=== Begin Enclosure ===

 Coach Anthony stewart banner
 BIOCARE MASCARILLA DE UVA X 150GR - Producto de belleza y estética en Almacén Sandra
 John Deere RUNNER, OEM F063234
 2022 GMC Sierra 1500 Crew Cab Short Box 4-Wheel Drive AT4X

=== End Enclosure ===
=== Begin Enclosure ===

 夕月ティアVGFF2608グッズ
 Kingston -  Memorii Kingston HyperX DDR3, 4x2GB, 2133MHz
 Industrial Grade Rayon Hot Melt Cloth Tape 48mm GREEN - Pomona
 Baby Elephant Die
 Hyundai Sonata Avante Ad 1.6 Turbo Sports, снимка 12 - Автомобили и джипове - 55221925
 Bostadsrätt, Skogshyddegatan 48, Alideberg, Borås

=== End Enclosure ===

→ **TASK OBJECTIVE**
Reproduce, word for word and in full, only the lines above that start at the line with "Baby Elephant Die" and run through the line with "Bostadsrätt, Skogshyddegatan 48, Alideberg, Borås", both ends included.

→ **TASK OUTPUT**
 Baby Elephant Die
 Hyundai Sonata Avante Ad 1.6 Turbo Sports, снимка 12 - Автомобили и джипове - 55221925
 Bostadsrätt, Skogshyddegatan 48, Alideberg, Borås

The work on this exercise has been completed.